I just have to add my own set of classes to enable highlighting:

<pre class="code vim vimft-vim">...</pre>

Here is the semantic associated to the classes:

  • code is my generic class for source code blocks 
  • vim is for source code formatted using the Vim classes for highlighting 
  • vimft-html is the class for the specific kind of source code: Vim's filetype option, displayed with ":set ft?".

For terminal output samples, I'm using my own highlighting using semantic XHTML tags :

  • <pre class="terminal">, the enclosing tag, with an optional class :
    • unix for Unix/Linux samples ;
    • cmd for Windows cmd.exe shell code.
  • <kbd> for what is typed in the terminal, with the following optional classes:
    • shell for any Unix shell samples ;
    • bash or ksh (in addition to shell) for Unix shell samples that uses features which are not in the standard POSIX shell ;
    • cmd for Windows cmd.exe shell code.
  • <samp> for programs output:
    • prompt for shell or interactive programs prompts ;
    • shell, bash, ksh or cmd for shell prompts (in addition to prompt) ;
    • sqlite, sqlite3 for SQLite client samples...
  • <var> for variable input/output.

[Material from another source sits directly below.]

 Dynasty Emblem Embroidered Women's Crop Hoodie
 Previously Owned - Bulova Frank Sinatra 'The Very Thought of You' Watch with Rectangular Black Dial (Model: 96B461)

Everything except the <var> content should exactly match if you repproduce it yourself. The title can indicate what the variable represent, and on which data it depends. The tag is always a direct child of either <kbd> or <samp>.

Here is an example:

<pre class="terminal unix">
<samp class="prompt shell">$ </samp><kbd class="shell">echo Hello, world!</kbd>
<samp>Hello, world!</samp>
<samp class="prompt shell">$ </samp><kbd class="shell">date</kbd>
<samp><var>samedi 25 août 2007, 18:51:00 (UTC+0200)</var></samp>
</pre>

And the final result:

$ echo Hello, world!
Hello, world!
$ date
samedi 25 août 2007, 18:51:00 (UTC+0200)

This semantic tags will allow me to provide later additional feature using JavaScript code. I'm thinking to a button that would hide any <samp> tags and keep only <kbd> tags to ease copy of the commands to a terminal to run the commands.

With these tags in place, the CSS stylesheet is quite short and simple. More importantly it is easily replaceable in case I change the theme of the blog.

pre.code.vim,
pre.terminal { margin-left: 1pt; padding: 5pt; }

/* Text not embedded in samp or kbd will be in red, to easily detect errors */
pre.terminal { background: #000; color: #f00; }
pre.terminal samp.prompt { color: #888; }
pre.terminal samp { color: #eee; }
pre.terminal kbd { color: #fff; font-weight: bold; }
pre.terminal var { color: #55f; font-style: italic; }

/* colorscheme rubyblue */
pre.code.vim { color: #c7d4e2; background-color: #162433; }
pre.code.vim a[href] { color: #0f0; }
pre.code.vim .Constant { color: #0c0; }
pre.code.vim .Comment { color: #428bdd; }
pre.code.vim .Identifier { color: #fff; }
pre.code.vim .Label { color: #ff0; }
pre.code.vim .Operator { color: #ff0; font-weight: bold; }
pre.code.vim .PreProc { color: #f9bb00; }
pre.code.vim .Special { color: #0c0; }
pre.code.vim .Statement { color: #f9bb00; }
pre.code.vim .Title { color: #fff; font-weight: bold; }
pre.code.vim .Type { color: #fff; text-decoration: underline; }
pre.code.vim .Underlined { color: #208aff; text-decoration: underline; }

I had to tweak a bit the blog engine I use (DotClear) to add this style sheet: modifying the template.php in the theme directory is not enough because the theme is used only on the public part of the blog. So I added an @import rule in ecrire/style/default.css to enable the CSS in the private area of the blog.

 

I would be glad to read your experiences about source code formatting on your own blog or CMS.

Update 2007-09-06: added missing information about the usage of <var> tags.